Most folks don’t spend a great deal of time worrying about the type material that goes into the windows of their automobiles. I suspect they see that as the auto maker’s job. But in the event of an accident, those windows could mean the difference between life and death. Last month, a ruling came down in a federal court case that will assist folks who are injured in motor vehicle crashes in their lawsuits against car makers. It will make it easier to hold car makers accountable for failing to use the safest type of window materials in the side windows of passenger vehicles.
In the case, a federal judge in Arizona rejected a car maker’s argument that federal law preempts tort claims alleging that a car was defective because its side windows were made of tempered glass, which shatters on impact, rather than laminated glass, which holds together in the event of a crash. Laminated glass helps to prevent ejections. It keeps occupants in the vehicle.
It’s believed that this ruling in the case of Bernal v. Daewoo signals a potentially major shift in the law of automobile safety preemption. A number of courts have disagreed about whether window-glazing claims are preempted, creating a deep split of authority on this point. But the tide may well have turned when the U.S. Supreme Court decided Williamson v. Mazda earlier this year. This was seen as a seminal ruling that rejected federal preemption in a case involving a different – but similar – automobile safety standard.
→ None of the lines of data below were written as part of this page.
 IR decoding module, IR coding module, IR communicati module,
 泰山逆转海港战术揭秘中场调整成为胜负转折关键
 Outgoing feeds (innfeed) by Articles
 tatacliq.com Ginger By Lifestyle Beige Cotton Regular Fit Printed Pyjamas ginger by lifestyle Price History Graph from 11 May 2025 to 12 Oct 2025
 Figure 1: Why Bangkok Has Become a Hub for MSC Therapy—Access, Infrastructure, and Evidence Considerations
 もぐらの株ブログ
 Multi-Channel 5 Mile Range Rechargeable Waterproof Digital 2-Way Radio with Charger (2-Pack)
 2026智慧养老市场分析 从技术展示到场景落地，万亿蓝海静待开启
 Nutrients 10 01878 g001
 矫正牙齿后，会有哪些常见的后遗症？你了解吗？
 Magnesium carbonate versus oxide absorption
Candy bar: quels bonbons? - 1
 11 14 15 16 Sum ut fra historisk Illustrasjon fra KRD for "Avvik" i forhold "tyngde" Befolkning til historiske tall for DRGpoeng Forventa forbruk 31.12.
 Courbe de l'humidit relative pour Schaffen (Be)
The Williamson decision by the High Court should remove any doubt that window-glazing claims are not preempted by federal law. The Bernal court agreed, signaling that the law in this area will increasingly favor auto-injury victims. Federal Motor Vehicle Safety Standard 205 is “nothing more than a minimum federal safety standard” that “permits manufacturers to improve the safety of their vehicles by installing additional protections.” There is nothing about this regulation that could possibly be undermined by a state court lawsuit. Lawsuits over product defects will actually enhance federal objectives by creating a strong incentive for car makers to make their cars safer.